3D Imaging for Behavior Classification, 10-R8221
Principal Investigator
Chris Lewis
Inclusive Dates: 04/01/11 – 10/01/12
Background — This research developed an automated behavior recognition capability, which uses a very low-cost, 3D color sensor for observing the motion of people. The system uses a variety of state-of-the-art machine learning techniques to estimate which of the trained behaviors is being performed. Several training tools were also developed which allow the system to be easily customized for a variety of applications. A novel feature derived from raw motion measurements was developed and shown to discriminate well between exercise behaviors. This feature, called a Motron, is constructed from natural cluster centers in data vectors containing position and velocity measurements of the subject. A new clustering algorithm was also developed and shown to be useful for both analysis and for accurately modeling sampled data.
Approach — The techniques were implemented under ROS (Robot Operating System), which is an open architecture, publish-subscribe system that integrates drivers for common sensors and machine learning tools into a convenient development environment. ROS nodes were developed for training classifiers, analyzing clusters in data and estimating behaviors in real time.

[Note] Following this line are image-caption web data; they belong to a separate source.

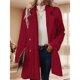 thumbnail image 5 of Abrigo de Felpa para Mujer, Cómodo, Informal, Cálido, con Cuello de Traje, Cruzado, Medio. Vino Tinto XL, 5 of 10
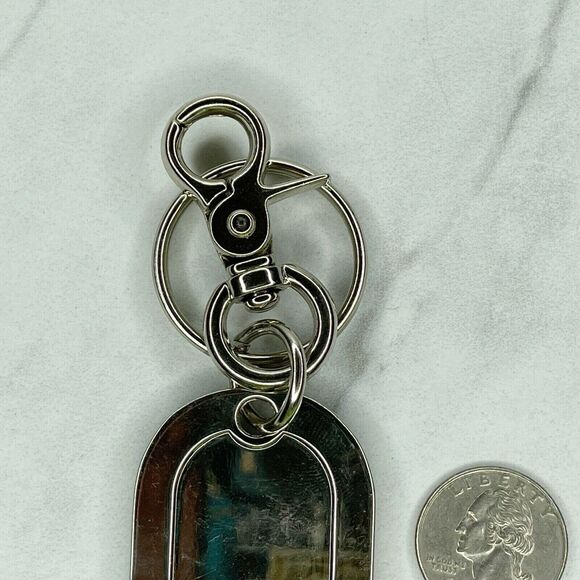 Liz Claiborne Silver Tone Chunky Logo Bag Charm Keyring Keychain - Picture 5 of 6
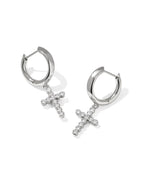 KS Cross Crystal Huggie Earrings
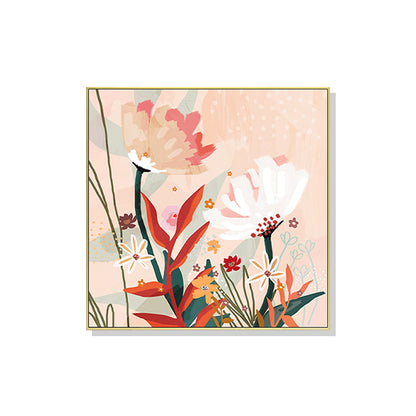 70cmx70cm Native Floral Gold Frame Canvas Wall Art-Home &amp; Garden &gt; Wall Art-PEROZ Accessories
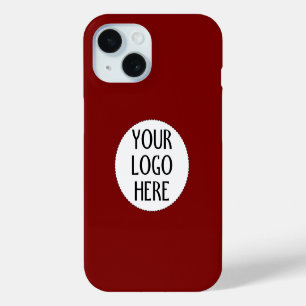 Coque Pour iPhone 15 Personnalisez Votre logo d'entreprise Noir Blanc R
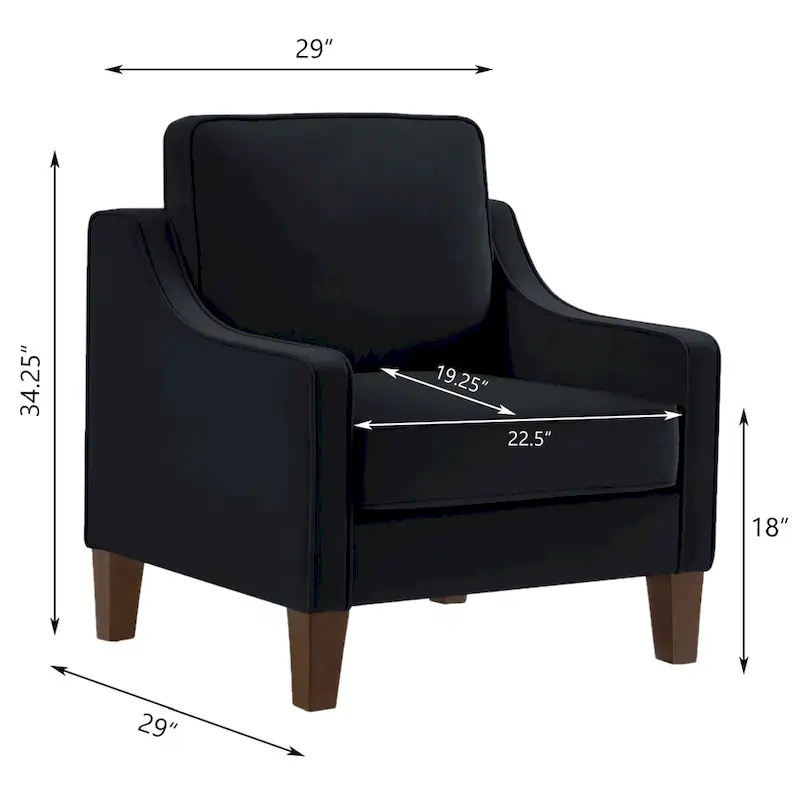 Modern Velvet Upholstered Armchair with Wooden Legs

Accomplishments — A novel motion descriptor, called a Motron, was developed that is formed from natural clusters in pose measurements. Histograms of observed Motrons over a time window were shown to be both salient and computationally inexpensive features for classifying behaviors in real time. In addition, a novel cluster analysis algorithm was developed which automatically determines both the number of clusters and models for those clusters in arbitrary high-dimensional data.